Auto History: Headlights invention sparks new light
Every year drivers pay tribute to an Indiana car salesman with an eye disorder who turned a bright invention into a thriving headlight business.
Carl Fisher was born in 1874 with a severe astigmatism that made it hard to study, and he dropped out of grade school at the age of 12. During the next five years he became a bicycle enthusiast and injured himself in stunts that curtailed his riding career.
After getting his fingers dirty laying street bricks and selling newspapers off of trains, Fisher found his calling in the world of sales promotions. He and his brothers opened a successful bicycle shop and built the business on his flare for the dramatic.
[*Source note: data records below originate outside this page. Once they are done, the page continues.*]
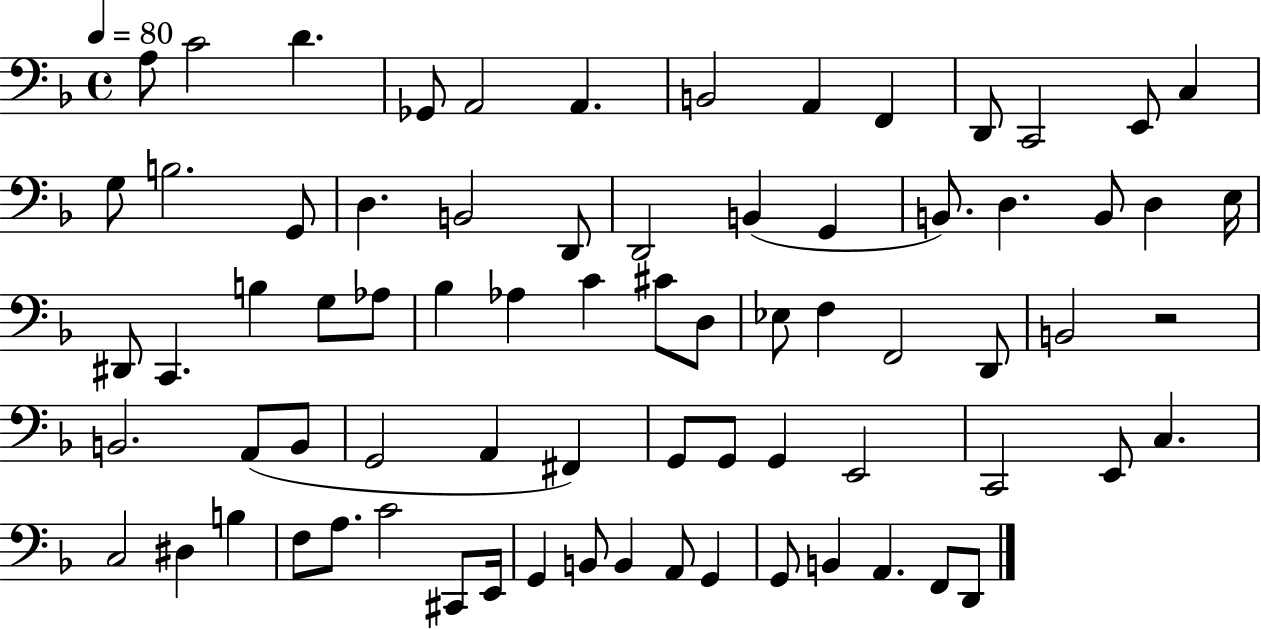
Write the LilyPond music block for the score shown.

{
  \clef bass
  \time 4/4
  \defaultTimeSignature
  \key f \major
  \tempo 4 = 80
  a8 c'2 d'4. | ges,8 a,2 a,4. | b,2 a,4 f,4 | d,8 c,2 e,8 c4 | \break g8 b2. g,8 | d4. b,2 d,8 | d,2 b,4( g,4 | b,8.) d4. b,8 d4 e16 | \break dis,8 c,4. b4 g8 aes8 | bes4 aes4 c'4 cis'8 d8 | ees8 f4 f,2 d,8 | b,2 r2 | \break b,2. a,8( b,8 | g,2 a,4 fis,4) | g,8 g,8 g,4 e,2 | c,2 e,8 c4. | \break c2 dis4 b4 | f8 a8. c'2 cis,8 e,16 | g,4 b,8 b,4 a,8 g,4 | g,8 b,4 a,4. f,8 d,8 | \break \bar "|."
}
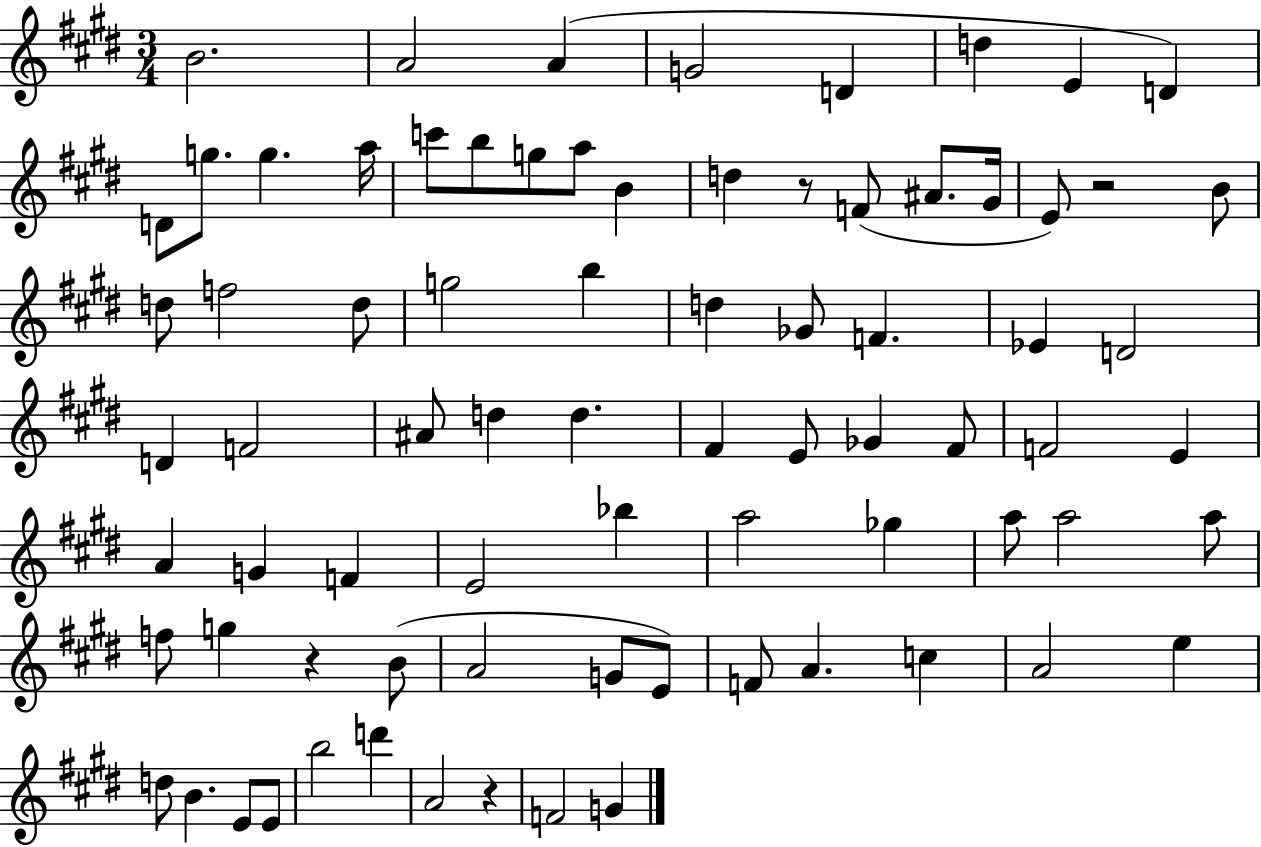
X:1
T:Untitled
M:3/4
L:1/4
K:E
B2 A2 A G2 D d E D D/2 g/2 g a/4 c'/2 b/2 g/2 a/2 B d z/2 F/2 ^A/2 ^G/4 E/2 z2 B/2 d/2 f2 d/2 g2 b d _G/2 F _E D2 D F2 ^A/2 d d ^F E/2 _G ^F/2 F2 E A G F E2 _b a2 _g a/2 a2 a/2 f/2 g z B/2 A2 G/2 E/2 F/2 A c A2 e d/2 B E/2 E/2 b2 d' A2 z F2 G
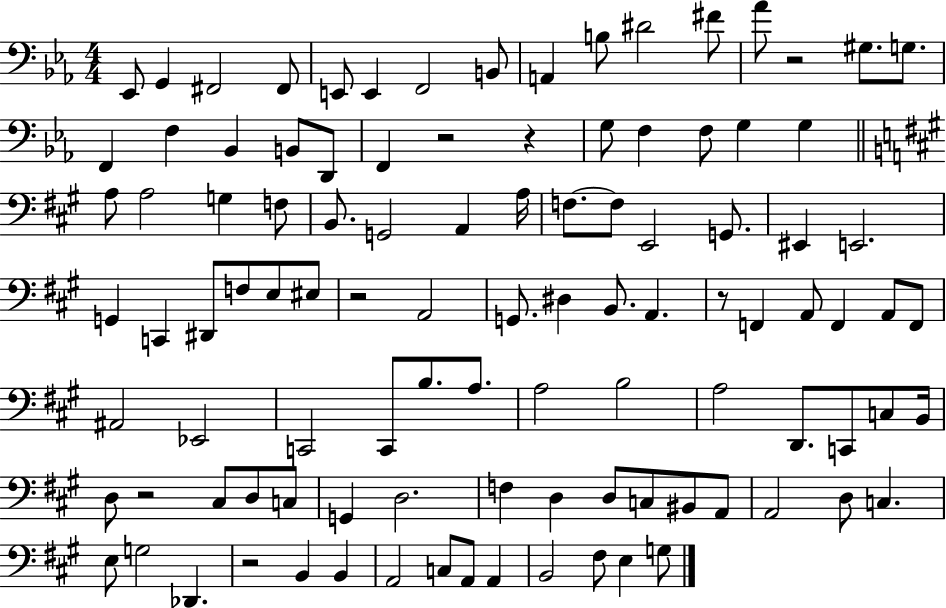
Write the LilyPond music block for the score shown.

{
  \clef bass
  \numericTimeSignature
  \time 4/4
  \key ees \major
  ees,8 g,4 fis,2 fis,8 | e,8 e,4 f,2 b,8 | a,4 b8 dis'2 fis'8 | aes'8 r2 gis8. g8. | \break f,4 f4 bes,4 b,8 d,8 | f,4 r2 r4 | g8 f4 f8 g4 g4 | \bar "||" \break \key a \major a8 a2 g4 f8 | b,8. g,2 a,4 a16 | f8.~~ f8 e,2 g,8. | eis,4 e,2. | \break g,4 c,4 dis,8 f8 e8 eis8 | r2 a,2 | g,8. dis4 b,8. a,4. | r8 f,4 a,8 f,4 a,8 f,8 | \break ais,2 ees,2 | c,2 c,8 b8. a8. | a2 b2 | a2 d,8. c,8 c8 b,16 | \break d8 r2 cis8 d8 c8 | g,4 d2. | f4 d4 d8 c8 bis,8 a,8 | a,2 d8 c4. | \break e8 g2 des,4. | r2 b,4 b,4 | a,2 c8 a,8 a,4 | b,2 fis8 e4 g8 | \break \bar "|."
}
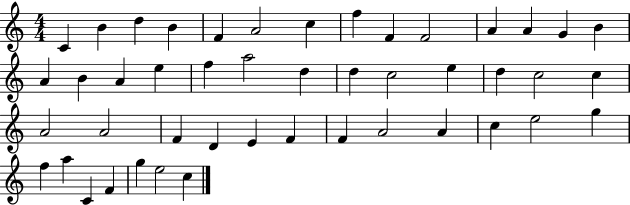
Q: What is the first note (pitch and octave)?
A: C4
Once Fisher donned a padded suit and rode a bicycle on a tightrope over a busy Indianapolis street. Another time he dropped a bicycle from the city’s tallest building, drawing enormous crowds and the ire of local police.
Just as the bicycle craze abated in the early 1890s, America’s love affair with the automobile blossomed. Fisher hopped on the horseless bandwagon and became one of the first auto dealers in the country.
Fisher promoted the dealership by strapping a car to a hot air balloon and flying it across town. He landed and drove back to enthusiastic crowds. The stunt involved some big-league slight of hand, however. Fisher removed the engine before strapping it to the balloon and placed a second vehicle at his landing site.
Fisher’s fortunes skyrocketed when an inventor knocked on his door and demonstrated a new type of automobile headlamp. Until then, headlamps consisted of open gas flames or candles that tended to snuff out in bad weather. The inventor discovered a way to contain an acetylene torch in a sealed lamp. Fisher named it “Prest-O-Lite.”
Producing the unstable gas required nerves of steel, however. Prest-O-Lite facilities were located in downtown Indianapolis next to a sauerkraut plant. In 1907, the facility exploded and showered the block with enough condiments for every frankfurter in the city.
The facility was relocated outside town and sold two years later for the princely sum of $9 million. Fisher invested some of the money in a young engineer’s patent for vehicle starter systems, which ironically fueled the demise of his former Prest-O-Lite headlamps.
Other funds went to build a racetrack near the Prest-O-Lamp facility. Workers laid tons of bricks to create the two-and-a-half mile track. Officially known as the Indianapolis Motor Speedway, locals simply called it The Brickyard.
The first Indy 500 race took place on Memorial Day in 1911. Barney Oldfield, Fisher’s partner in the auto dealership, eventually became the first driver to clock more than 100 miles per hour.
Good fortune continued shine on the young entrepreneur when he sunk money into a remote Florida swampland and turned it into Miami Beach. Then, he persuaded federal planners to build the Dixie Highway from Canada to Florida. The resort became an exclusive enclave for magnates like Henry Ford.
Fisher also had a hand in building the Lincoln Highway, the first transcontinental road in the United States. His entire fortune was lost at the onset of the Great Depression. He was 55.